Lonely and bored. Am I allowed to play Dance Dance Revolution by myself?
i just peed in a port a potty and wiped with my credit card statement. fuck yeah!
Just saw a drunk guy marching down the strip with a garden rake. I feel compelled to follw him
Whatever. I'll let someone else deal with his flacid penis.
"Hung over, tired and having a faint scent of some body butter and random pieces of glitter from a girl named gigi, almost arrested in drug bust, $40 Canadian in my pocket and all i got was this lousy Tshirt" shirts dont exist, but they need to
I got an MIP via FUCKING HELICOPTER. Tuscaloosa police either have nothing to do or too many resources.
We've started doing pot butter shots. WHY AREN'T U HERE
I just laid my head on this pillow and I smelt your penis. It was comforting.
His IQ level must rival that of a comatosed aardvark.
This little shit keeps eating the playdoh so i replaced the green with wasabi from work. Wonder what his parents are gonna think when he burns his soft palette?
Life is my bitch right now. The bouncers tried to carry me out of the club, but everyone thought I was crowd surfing so everyone carried me BACK IN. Winning as fuck.
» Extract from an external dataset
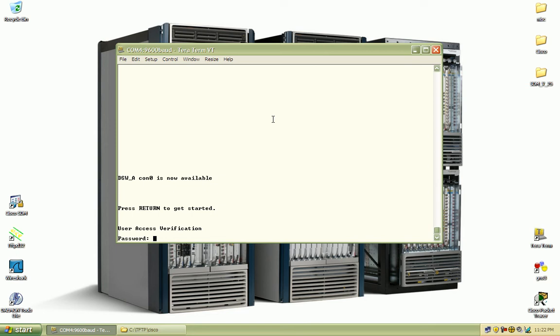And you hold that down, power cycle, restart the switch and we'll watch this process.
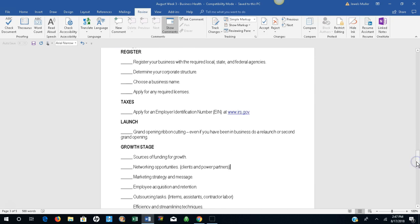Register. Register your business with the required local, state, and federal agencies. Determine your corporate structure. Choose a business name. Apply for any required licenses.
You know you are high when you are so glad it wasn't your freshly buttered raisin bread that fell on your foot. It was your $400 Ipod
I just drunk texted the Italian guy and now I’m flooded with Shane. Uh, shame, not Shane. He sounds nice, though.
I tried to breakup with him by telling I had a threesome. He one upped me by saying he had a 5-some so I couldn’t do it.
I wouldn't have found her if it wasn't for the vomit trail leading into my brother's room.